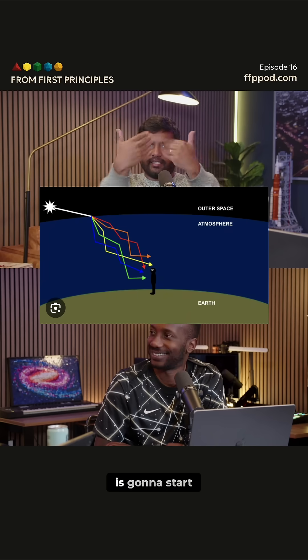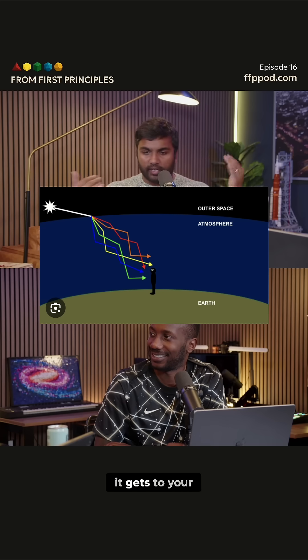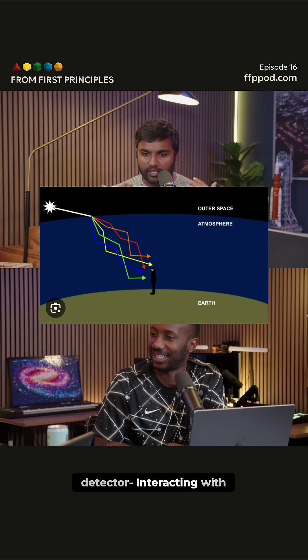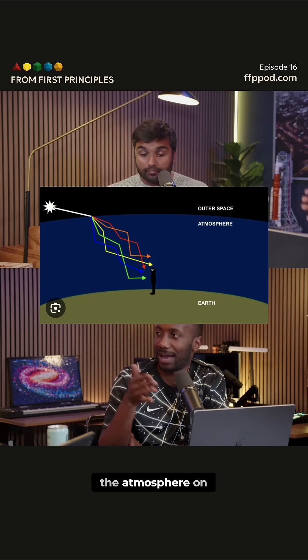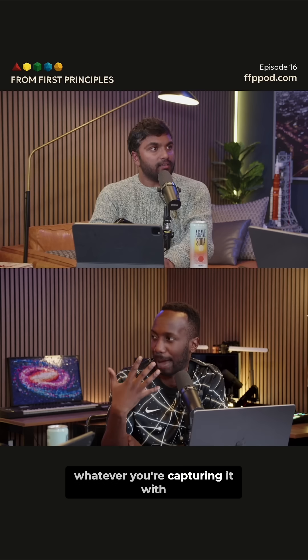So the light is going to start moving around before it gets to your detector, interacting with the atmosphere on its way to exactly capturing it.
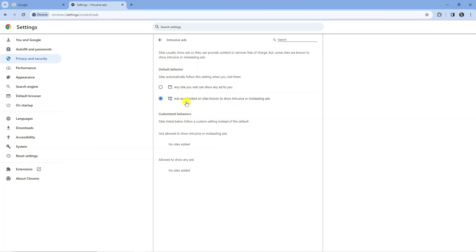You can see it's currently turned on. It says ads are blocked on sites known to show intrusive or misleading ads. To disable the ad blocker in Chrome, all you need to do is select this option here, which says that any site you visit can show any ads to you.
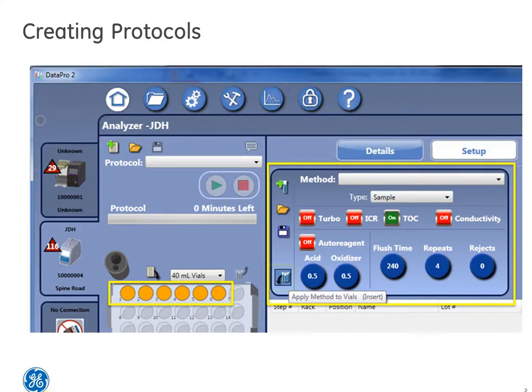Once your methods are set, you have to select the little icon of vials — that's the little icon with the blue vials that you see here highlighted on the screen. This will apply the unique methods to the protocol.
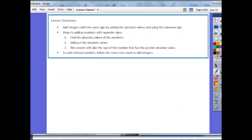In this lesson you learned several integer rules. First, add integers with the same sign by adding the absolute values and using the common sign — keep the sign. For adding numbers with opposite signs: find the absolute value of each number, subtract them, then take the sign of the number with the greater absolute value. Finally, to add rational numbers such as fractions or decimals, follow the same rules used to add integers.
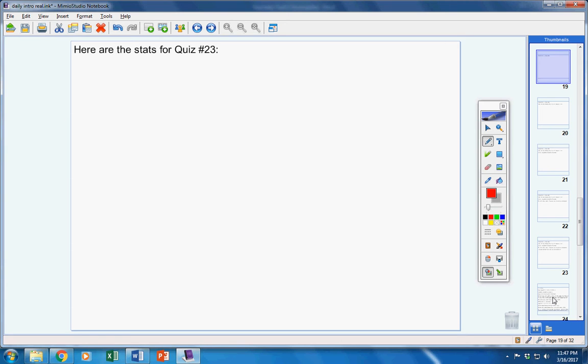There were, it was really weird. It was all A's and all F's. There were no B's, C's, or D's. 5 A's and then about 6 F's.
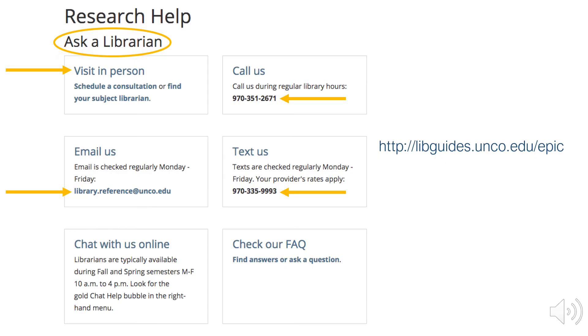Have more questions about finding a specific journal? Ask a librarian! You can visit us in person, call, email, or text us. Visit our Epic Guide for more short video tutorials.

══════

Start with the line with "You can see" in the listing above and stop after the line with "In this lesson". Write out exactly the lines in that stretch and no others, without pictures.

You can see it's currently turned on. It says ads are blocked on sites known to show intrusive or misleading ads. To disable the ad blocker in Chrome, all you need to do is select this option here, which says that any site you visit can show any ads to you.
Once your methods are set, you have to select the little icon of vials — that's the little icon with the blue vials that you see here highlighted on the screen. This will apply the unique methods to the protocol.
In this lesson you learned several integer rules. First, add integers with the same sign by adding the absolute values and using the common sign — keep the sign. For adding numbers with opposite signs: find the absolute value of each number, subtract them, then take the sign of the number with the greater absolute value. Finally, to add rational numbers such as fractions or decimals, follow the same rules used to add integers.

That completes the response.